● EXERCISE DETAILS: Among these records, which lines include "Beach"? Copy them out.

================================

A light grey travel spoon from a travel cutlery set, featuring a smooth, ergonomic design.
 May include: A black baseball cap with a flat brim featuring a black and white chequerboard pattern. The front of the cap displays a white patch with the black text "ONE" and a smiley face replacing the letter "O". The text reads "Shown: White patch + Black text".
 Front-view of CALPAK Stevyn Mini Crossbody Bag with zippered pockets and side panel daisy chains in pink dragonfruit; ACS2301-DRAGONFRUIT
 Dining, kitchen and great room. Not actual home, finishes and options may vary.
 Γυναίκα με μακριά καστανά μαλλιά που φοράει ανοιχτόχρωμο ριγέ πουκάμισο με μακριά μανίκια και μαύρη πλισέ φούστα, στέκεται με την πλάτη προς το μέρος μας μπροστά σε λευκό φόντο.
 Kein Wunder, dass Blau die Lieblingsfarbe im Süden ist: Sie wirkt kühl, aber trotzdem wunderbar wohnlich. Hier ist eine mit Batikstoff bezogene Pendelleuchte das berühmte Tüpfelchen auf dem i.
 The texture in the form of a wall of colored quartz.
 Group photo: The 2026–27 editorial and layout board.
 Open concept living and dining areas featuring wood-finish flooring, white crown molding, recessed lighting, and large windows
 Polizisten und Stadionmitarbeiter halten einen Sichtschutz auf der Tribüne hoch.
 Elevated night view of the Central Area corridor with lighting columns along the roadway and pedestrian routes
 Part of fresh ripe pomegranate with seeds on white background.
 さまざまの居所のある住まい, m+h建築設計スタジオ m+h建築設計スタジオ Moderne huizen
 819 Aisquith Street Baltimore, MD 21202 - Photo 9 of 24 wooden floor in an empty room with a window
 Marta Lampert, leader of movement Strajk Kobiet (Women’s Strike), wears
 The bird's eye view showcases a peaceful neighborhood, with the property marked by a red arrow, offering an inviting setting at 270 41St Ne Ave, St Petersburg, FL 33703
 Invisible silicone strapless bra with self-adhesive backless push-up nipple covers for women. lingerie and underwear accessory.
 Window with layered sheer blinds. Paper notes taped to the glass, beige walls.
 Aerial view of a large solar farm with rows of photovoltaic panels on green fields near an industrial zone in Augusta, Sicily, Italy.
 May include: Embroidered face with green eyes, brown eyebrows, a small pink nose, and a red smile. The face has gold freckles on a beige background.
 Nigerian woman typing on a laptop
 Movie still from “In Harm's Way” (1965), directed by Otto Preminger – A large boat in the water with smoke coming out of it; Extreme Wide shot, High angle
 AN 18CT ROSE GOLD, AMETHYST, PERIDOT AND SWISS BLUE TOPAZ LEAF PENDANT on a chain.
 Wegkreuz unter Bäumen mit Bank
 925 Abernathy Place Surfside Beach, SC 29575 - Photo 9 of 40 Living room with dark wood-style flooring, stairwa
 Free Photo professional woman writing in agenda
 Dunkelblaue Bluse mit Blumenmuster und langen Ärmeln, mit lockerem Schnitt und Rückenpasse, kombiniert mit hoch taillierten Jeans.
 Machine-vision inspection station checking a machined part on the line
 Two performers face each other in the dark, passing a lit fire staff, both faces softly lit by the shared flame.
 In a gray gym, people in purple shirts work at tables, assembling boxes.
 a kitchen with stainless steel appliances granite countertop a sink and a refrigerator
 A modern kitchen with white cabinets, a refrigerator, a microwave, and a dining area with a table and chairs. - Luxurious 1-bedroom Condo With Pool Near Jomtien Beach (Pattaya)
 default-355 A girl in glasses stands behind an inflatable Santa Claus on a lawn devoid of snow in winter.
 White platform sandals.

================================

● ANSWER BELOW:
 925 Abernathy Place Surfside Beach, SC 29575 - Photo 9 of 40 Living room with dark wood-style flooring, stairwa
 A modern kitchen with white cabinets, a refrigerator, a microwave, and a dining area with a table and chairs. - Luxurious 1-bedroom Condo With Pool Near Jomtien Beach (Pattaya)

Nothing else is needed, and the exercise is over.